Every now and then a property law decision comes along which could actually change society. The recent Upper Tribunal one in Nemcova –v- Fairfield Rents is one such.
The question for the tribunal was simple enough: is a covenant to use a flat only as a private residence breached by someone who allows her own flat to be used by airbnb customers? The flat in question was Ms Nemcova’s only home: she had a boyfriend at whose home she sometimes stayed overnight, and she had created and ran full-time a website on which she advertised the availability of her property and her boyfriend’s property for airbnb accommodation, for which the flat was used for some 90 days a year.
Does the flat nonetheless remain in use as a private residence? No, said the Tribunal. What matters is not whether it remains Ms Nemcova’s private residence – presumably it does, as a question of ordinary language – but whether the use being made of it at any given time is by someone who is using it as their private residence, which suggests a degree of permanence which Ms Nemcova’s short-term lettings to businessmen did not have.
This is not the first decision in this area – some have gone one way, some the other – but it feels as though it could be a watershed. Almost always airbnbers are letting flats, and almost always leases of flats have a covenant of this kind in them. Airbnb is increasing exponentially in popularity – it’s one of the ways young people and others look to fight back against the increase in property prices and set their foot on the ladder.
Many such will feel that in this day and age such a practice is a normal use of one’s home and the meaning of ‘private residence’ ought to move on accordingly. But one of the hoariest principles, not only of property law but of English common law itself, is that a contract has to be construed according to the time and place where it was made. If a “private residence” didn’t involve airbnbing in the 1960’s when a lease was granted, it can’t do so now.

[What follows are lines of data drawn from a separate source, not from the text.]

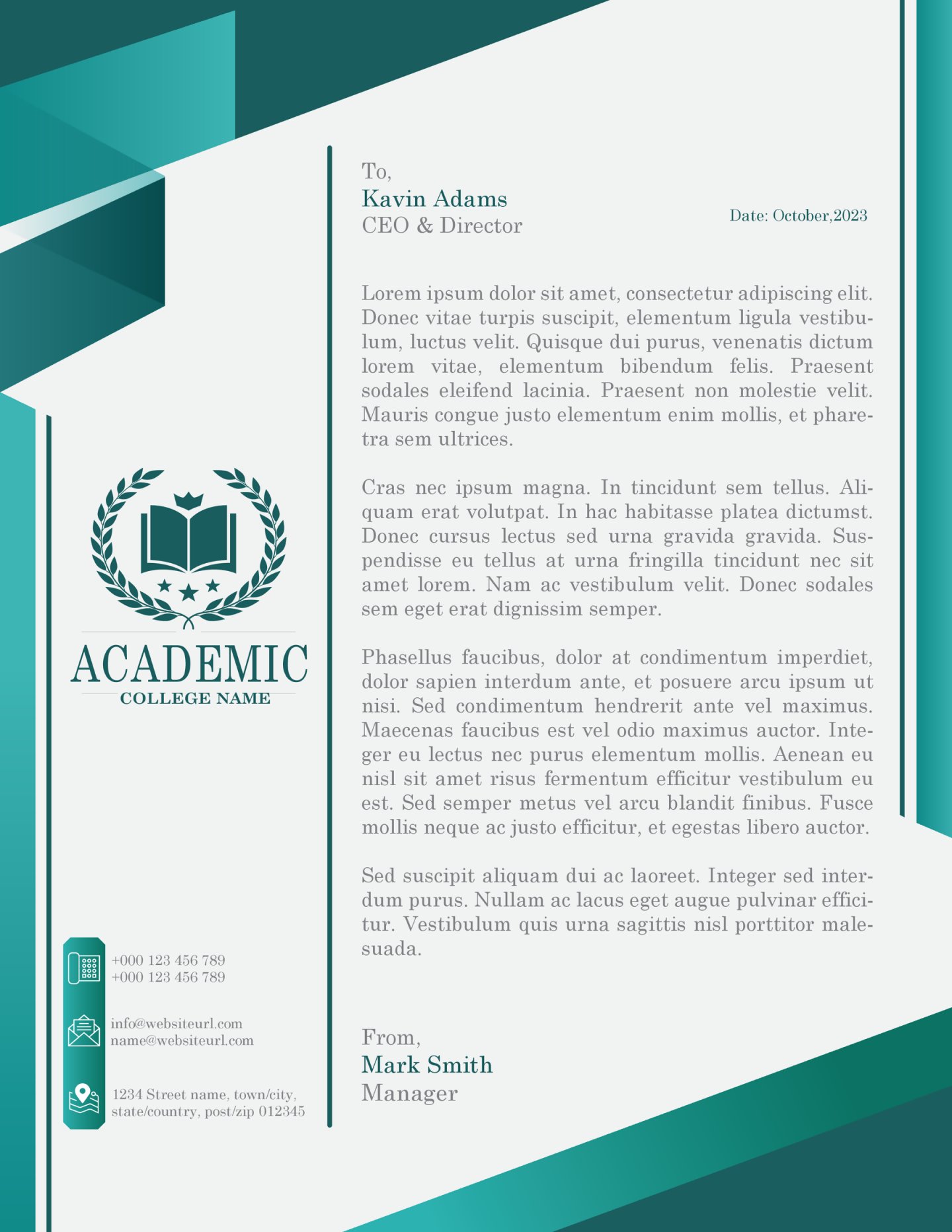 Progressive Flow Letterhead Template - WordLayouts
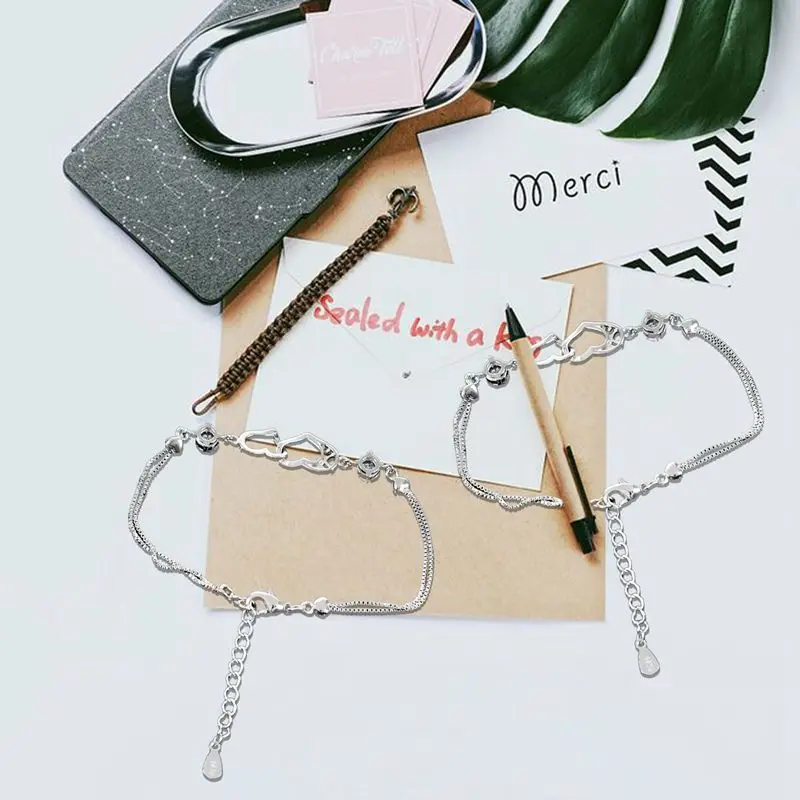 Браслет женский с серебряным покрытием браслет гравировкой I love U 16 + 4 см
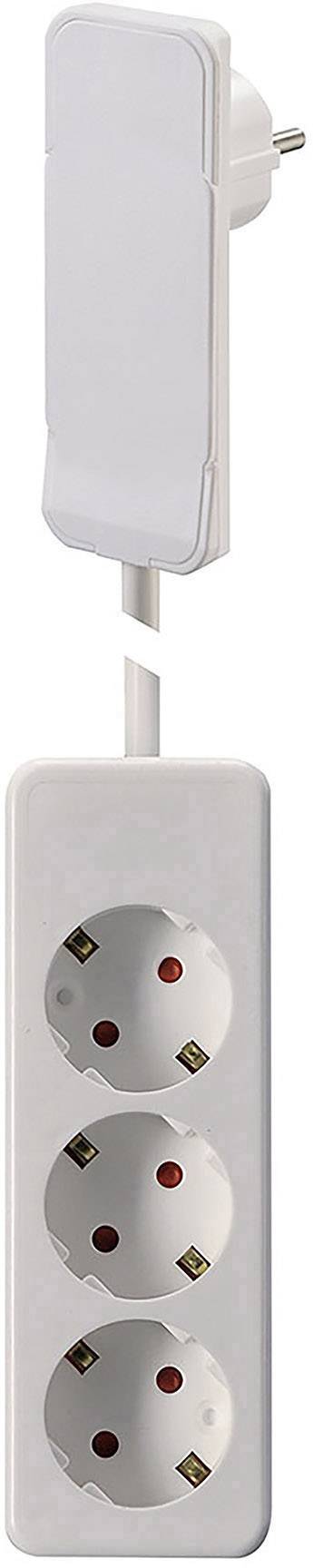 'Three-socket extension lead with connected plug, positioned vertically, suitable for powering multiple devices.'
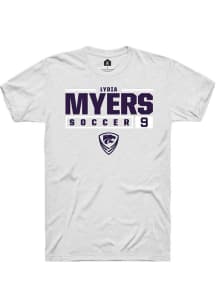Lydia Myers  K-State Wildcats White Rally NIL Stacked Box Short Sleeve T Shirt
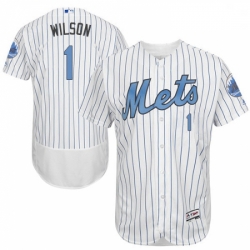 Mens Majestic New York Mets 1 Mookie Wilson Authentic White 2016 Fathers Day Fashion Flex Base MLB Jersey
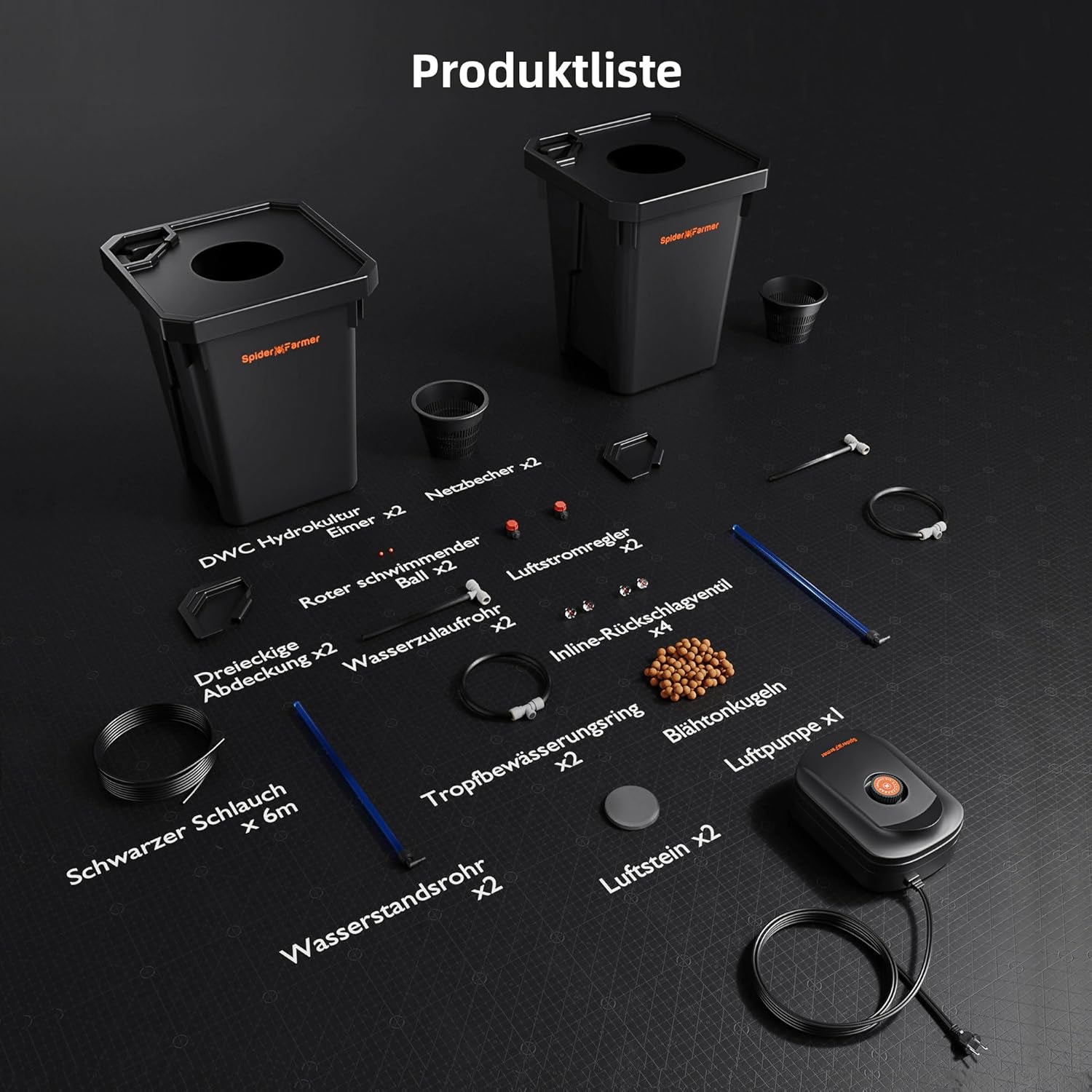 Sistem de creștere hidroponică Spider Farmer DWC cu cultură în apă adâncă de 27 de litri/7 galoane, design nou al capacului triunghiular, sistem de grădinărit cu picurare circulantă cu kit de picurare în ghiveci, pompă de aer de 8W, 2 găleți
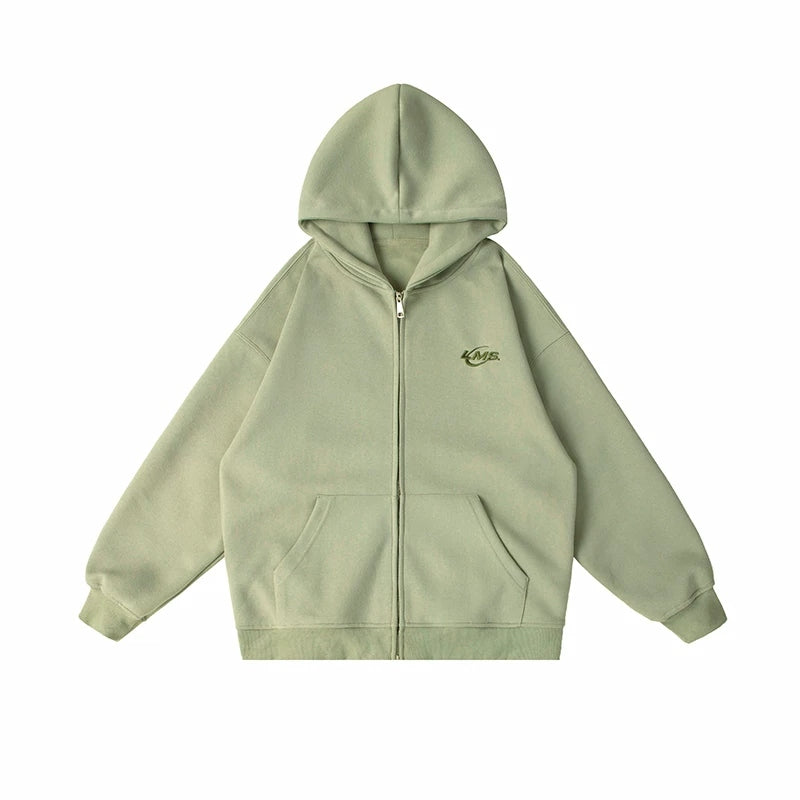 Minimal Chest-Emblem Zip Hoodie product view 6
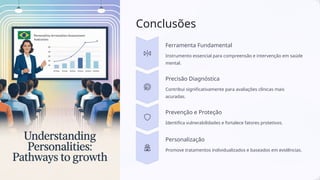 Conclusões
Ferramenta Fundamental
Instrumento essencial para compreensão e intervenção em saúde
mental.
Precisão Diagnóstica
Contribui significativamente para avaliações clínicas mais
acuradas.
Prevenção e Proteção
Identifica vulnerabilidades e fortalece fatores protetivos.
Personalização
Promove tratamentos individualizados e baseados em evidências.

Airbnbing is a flexible business. Whether doing it on a less industrial scale, or on the basis that the guest simply has a room and shares occupation during their presence, may remain to be seen. But unless the Court of Appeal takes a hand, this decision is going to be a material blow to the practice. However, landlords with a legitimate interest in preventing this sort of use will be cheering at the addition of another card to their hand.